One of the most exciting outcomes of the project was how our physics-based digital twin approach helped us understand anomalies in the sensor data. During validation, we noticed a weaker correlation between our virtual sensors and the physical measurements when the platform was dominated by rotational motion, as Ozea did not reproduce the magnitude of the measured inclination amplitudes.

A detailed analysis of the mooring system, facilitated by the digital twin, pointed to  friction within the U-Link connecting the mooring line to the platform. We found out that the common “stick-slip” behavior of the U-Link was actually altering the physical inclination measurements because of the sensor’s position above the final bearing. By modeling a simple change – fixing the U-Link angle in the Ozea model – we were able to reproduce the increased oscillation seen in the measurements.

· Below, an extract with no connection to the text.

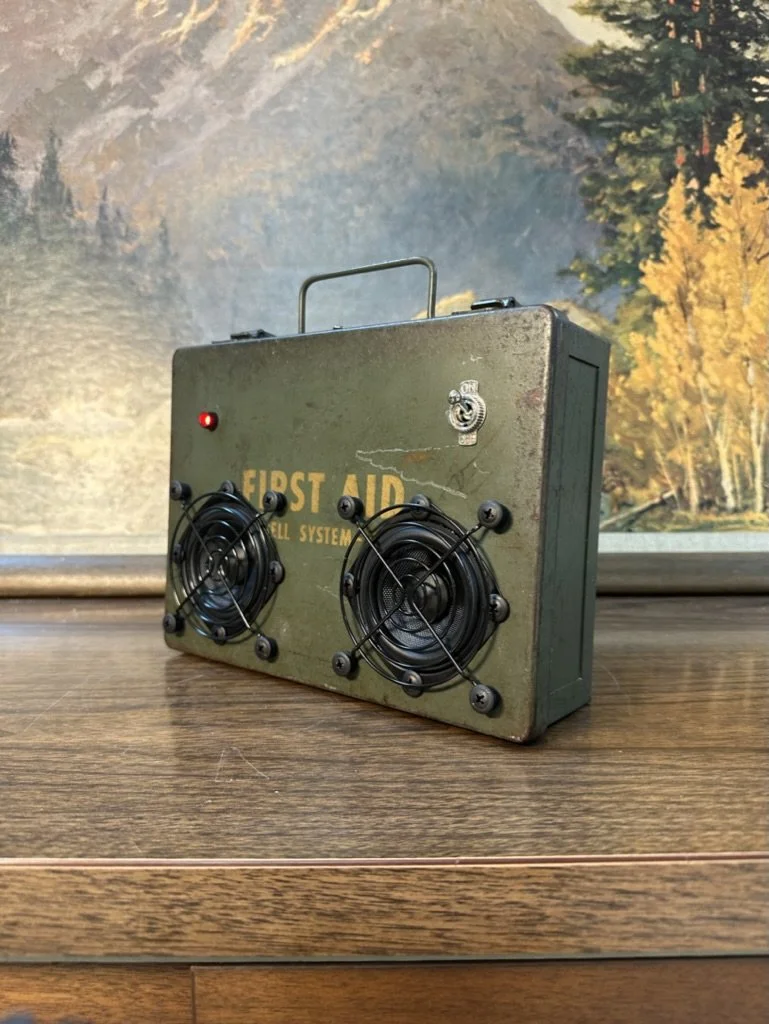 A vintage-style first aid box repurposed as a speaker, placed on a wooden surface with a nature background.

This perfectly highlights the immense value of a physics-based digital twin: The ability to rapidly modify the underlying physics model without the need for time-consuming retraining, a major advantage over purely data-driven methods, enabling detailed analysis for real-world issues.


Conclusion

The deployment of Ozea on the 3.6 MW TetraSpar demonstrator proved that a holistic, physics-based Digital Twin can be successfully implemented at full scale. More importantly, it confirmed that virtual mooring load sensing is highly viable, demonstrating good agreement across static and dynamic loads without the need for delicate, subsea hardware.

Looking ahead, we are excited to push Ozea even further. An upcoming validation project in 2026 will benchmark our virtual mooring sensor directly against physical load-cells. By continuing to publish and refine these virtual sensing capabilities for deformation and loads, we can help the FOW industry confidently scale into commercial farms while keeping risk and OPEX firmly under control.